Deputy Chief Const. Steve Rai meanwhile said the department would provide the board with an update on the latest changes to training in the coming months.
Palmer said Vancouver police training goes “above and beyond” provincial standards and the department works with an emergency medicine specialist at Vancouver General Hospital, Dr. Erik Vu, to incorporate his advice into training.
Asked whether he’d expect officers to respond similarly or differently if they were to receive today the call that ended in Gray’s death, Palmer said he wouldn’t speculate or go into details, in part because a disciplinary investigation is still under way.
“What I am going to say is that our officers are faced with very dynamic situations every day when they go out on the street,” Palmer said.
“There will be occasions, sometimes, where somebody may, depending on the circumstances, it’s possible somebody may lose their life.
“We never want that to happen,” he added.
Premier David Eby, speaking at an unrelated event Thursday, said he was glad Vancouver police were taking on the body camera pilot project.
“I’m sure the solicitor general will be very interested in seeing the results of this pilot and whether there’s an opportunity for us to expand that if it provides good results for the residents of Vancouver,” he said.
Eby said body cameras would help provide evidence of crimes witnessed by officers, as well as accountability if police overstepped their authority.
The jury at the inquest held in April classified Gray’s death as a homicide.
The coroner presiding over the inquest, Larry Marzinzik, told the five jurors before they began deliberating that homicide meant death due to injury intentionally inflicted by another person, but it was a neutral term that doesn’t imply fault or blame.
Dr.

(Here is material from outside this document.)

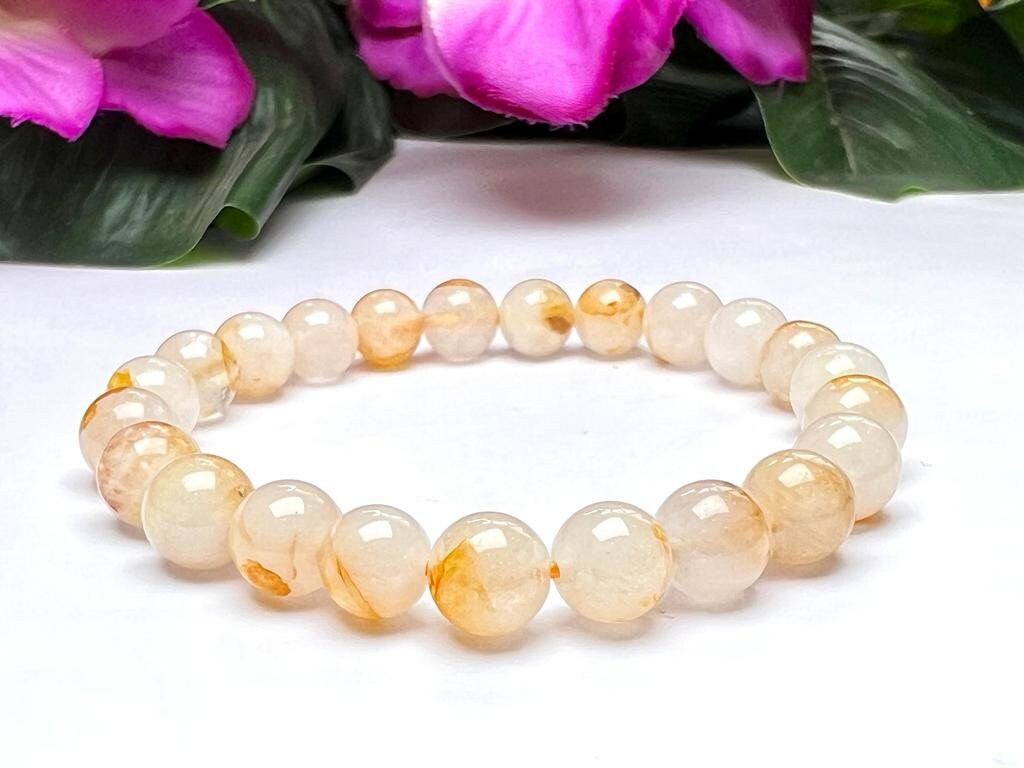 Rarest Taaffeite Stone Round Beaded 8 MM Stretch Bracelet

Matthew Orde, the forensic pathologist who performed an autopsy on Gray’s body, testified at the inquest that a “perfect storm” of factors led to his death, including his extreme physical exertion as officers struggled to restrain him.
Orde said Gray died of cardiopulmonary arrest complicated by police actions, pointing to “neck compression,” blunt force injuries, the use of pepper spray and holding Gray on his stomach while his arms were handcuffed behind his back.
People who are forcibly restrained on their stomach are at greater risk of death, especially when their body has increased physiological demands, he testified.
Orde had originally listed “excited delirium” among the possible contributing factors in Gray’s death. Many of the 14 Vancouver police officers who testified at the inquest also used the contentious term describing a state of agitation.
However, Orde revised that finding during his testimony at the inquest, saying published data and research suggest it’s “quite unlikely” that so-called excited delirium syndrome could independently result in someone’s death.
“Acute behavioural disturbance” is a better description of what Gray was experiencing on the day he died, Orde told the inquest.
A statement from the BC Coroners Service said it no longer recognizes “excited delirium” as a cause of death in its investigations, saying the decision “was made in response to the evidence-based literature changing over time.”
A years-long investigation by B.C.’s police watchdog, the Independent Investigations Office, found reasonable grounds to believe an offence may have been committed and submitted a report to the BC Prosecution Service for consideration of charges.
The service announced in late 2020 that it would not pursue charges against the officers involved in the struggle to arrest Gray, saying police were the only witnesses and the Crown couldn’t prove any offence had been committed.
The Office of the Police Complaint Commissioner is overseeing an investigation into several officers’ conduct and a disciplinary hearing is expected later this year.